Au pic de la pousse, l’agriculteur arrive à descendre à 40 ares par vache. Après une phase de déprimage, il vise un temps de retour de 6 à 7 semaines avec un objectif de 10 cm de hauteur d’herbe entrée herbomètre, soit environ 1 500 kg MS/ha. L’objectif : effectuer le plus de cycles possible. « Je me réfère aux travaux de Rémi Delagarde et Luc Delaby de l’Inrae et je suis la pousse sur plusieurs paddocks témoins de manière hebdomadaire. Je m’enrichis également des échanges au sein du réseau Civam : c’est une manière d’affiner en permanence l’équation besoins du troupeau et fournitures en pâturage » détaille Mickaël. 

L’éleveur apprécie également l’impact du pâturage sur la biodiversité. « Nous avons replanté des haies, des arbres… » Au fil des ans, une véritable diversité faunistique et floristique s’installe dans les prairies. « Ça donne une autre dimension à notre métier ».

Pour l’affouragement hivernal, il mise sur du foin séché en grange. Compter 2,5 tMS par UGB, auquel s’ajoutent 77 kg de concentré fermier à base de blé et de triticale. Un système qui lui permet d’entretenir des Normandes à 4 700 kg de lait par an, pour un coût alimentaire compris entre 25 et 30 €/1 000 l. 

S’adapter au changement climatique sans alimenter la cause

Le coût alimentaire témoigne de faibles charges de mécanisation. « Sur la structure, on fait 400 h de tracteur par an, pour environ 3 000 l de GNR », précise l’agriculteur. « On présente souvent la mécanisation comme une solution pour parer les conséquences du changement climatique. Mais il faut avoir en tête que lorsqu’on augmente ses stocks de fourrage, on utilise encore plus d’énergies fossiles pour pallier les effets du changement climatique », constate Mickaël. « Soit on considère que le progrès nous sauvera, soit on se dit que c’est un cercle vicieux et l’on vise la sobriété ».

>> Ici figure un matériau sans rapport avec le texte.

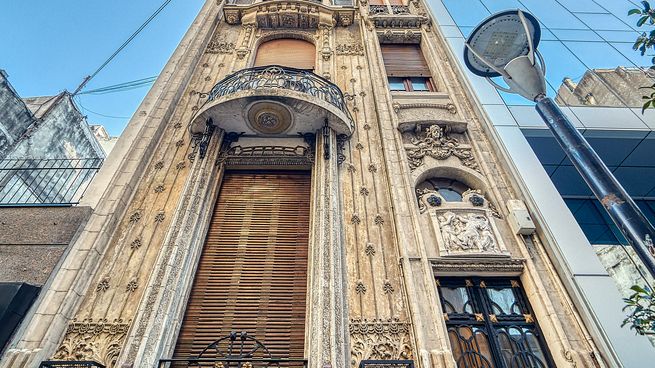 Inmueble. El petit hotel, sobre la calle Suipacha, no pasa desapercibido gracias a su&nbsp; fachada única.&nbsp;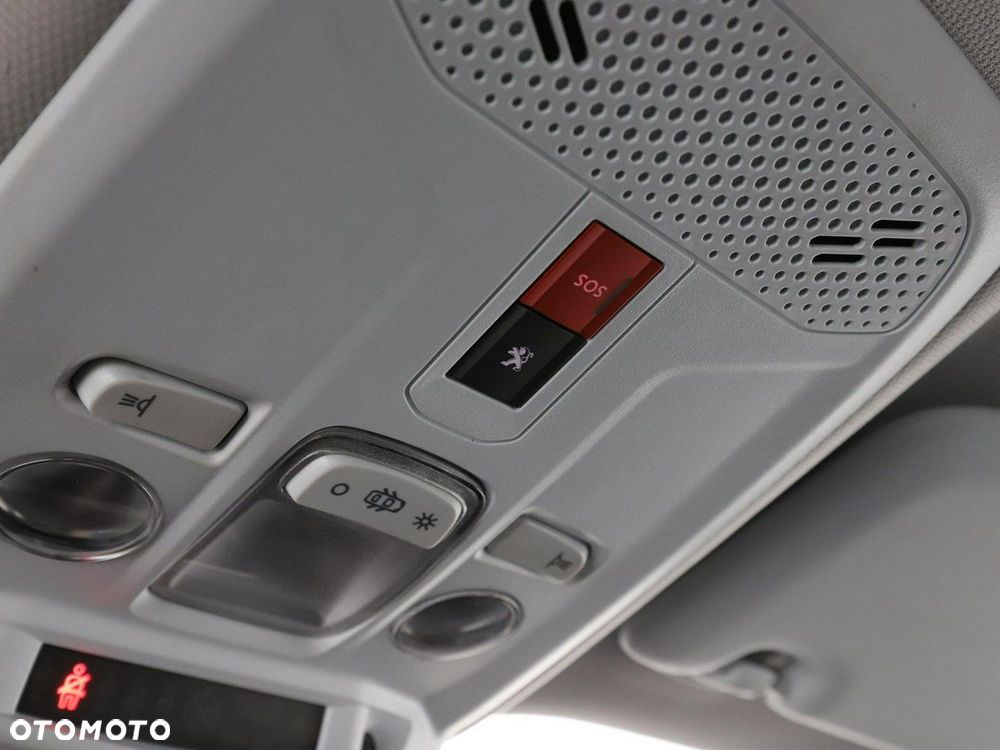 Peugeot 2008 1.5 BlueHDi Allure S&S EAT8 - 40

Car pour l’éleveur, les effets du changement climatique se font déjà bel et bien sentir. « En 2022, j’ai diminué d’un tiers ma rémunération, car on a baissé d’un tiers en production laitière », tranche Mickaël. La succession de trois épisodes caniculaires dès le mois de juin a eu raison de la pousse de l’herbe estivale. « La question de savoir comment maintenir la production dans un tel contexte se pose. Sans eau, pas de photosynthèse, pas de glucose dans la plante… Bref, pas de lait. Tout est physique », constate l’éleveur. « Ce réchauffement nous met face à des questionnements existentiels. La voie de l’agro-sylvo-pastoralisme est pour moi la plus appropriée pour donner du sens et de prendre soin du vivant ».

On arrive à générer un peu plus de 2 000 € par actif

Si la réduction des intrants limite l’impact environnemental de la structure, il permet également de comprimer les charges. « L’autonomie, c’est ce qui permet de bien vivre à 2 sur une ferme qui fait 200 000 litres de lait », résume Mickaël. Son système qui lui permet de générer un revenu autour de 189 €/1 000 l. « On est sur un fonctionnement qui nous permet d’avoir du temps libre, de financer des études supérieures à nos enfants, avec un niveau de rémunération par actif autour de 2 000 — 2 500 € et un taux d’endettement autour de 20 % », résume l’agriculteur.

L’agriculteur insiste également sur le volet social de sa production. « Le but, c’était d’avoir une approche holistique de la ferme ». C’est donc naturellement qu’à son installation, Mickaël a cherché à se rapprocher du consommateur. « Je trouve que c’est important d’essayer de reconnecter la production au territoire ». Via la commercialisation de lait cru en bouteille, 30 % du lait de l’agriculteur est commercialisé dans un rayon de 20 km autour de la ferme. Le restant est commercialisé en filière longue chez Lactalis, sous label AB. Ces différents circuits de commercialisation permettent à l’éleveur d’atteindre un prix de vente autour de 600 €/1 000 l. 

« Je trouve que c’est important d’entretenir des liens avec le consommateur et de communiquer sur ce qu’on fait », poursuit l’éleveur. « On perçoit des aides de la Pac, on fait partie de leur environnement proche, je trouve ça intéressant d’avoir des échanges sur nos manières de travailler ». Car pour Mickaël, produire n’est pas tout, il faut savoir justifier de son système, et surtout réduire les charges pour le rendre plus robuste.